Feb 27, 2011 12:10
One of my weird flaws as a person is my inability to spend money. Now this probably doesn't sound like such a bad thing, but it really is for me because it can get absolutely ridiculous.
The only things I can buy without feeling terribly guilty about it is gas and food because I have no choice really. I'd also pay bills if I had them. Buying anything indulgent is often difficult for me though. Even buying items such as shampoo, face wash, make up, etc is hard for me to justify...even when I need them!
What I tend to do is tell myself I can buy something when my next paycheck comes so that way I save more money. The problem is, I'll keep pushing this back further and further to a point where I simply don't ever buy anything for myself.

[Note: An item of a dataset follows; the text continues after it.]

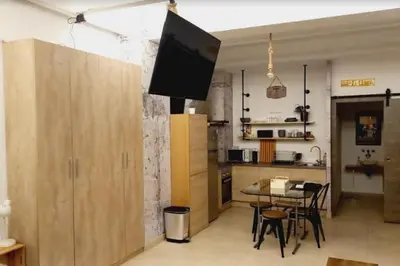 a kitchen with a table and a tv on a wall at Loft Botanic Center in Valencia
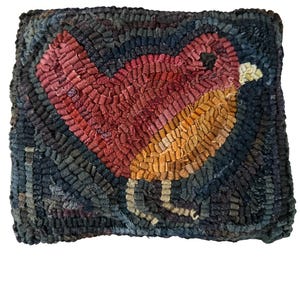 May include: Handmade, square rug featuring a bird design. The bird has a red body, yellow chest, and is set against a dark blue background. The rug is made of textured, looped fabric, giving it a rustic, handcrafted appearance.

For example: I'm going to have a chance to buy an iPhone soon and I'm already stressing out about how I'm going to afford it...which is silly because I can very easily afford it! I don't have to pay rent and I save a good portion of every paycheck into my savings. It'll be no problem to buy an iPhone! Yet I've been treating the situation as though it's going to be incredibly hard to afford it, oh no what will I do, I can't let that money go!
It's certainly better than overspending. Also, I feel like my savings is really meager considering what a miser I am, but that could just be me.
It's going to be really hard for me next month seeing as I can get my iPhone at the end of March and two games I want are coming out (Dragon Age 2 and Medieval Sims). I need to tell myself to shut up basically :P.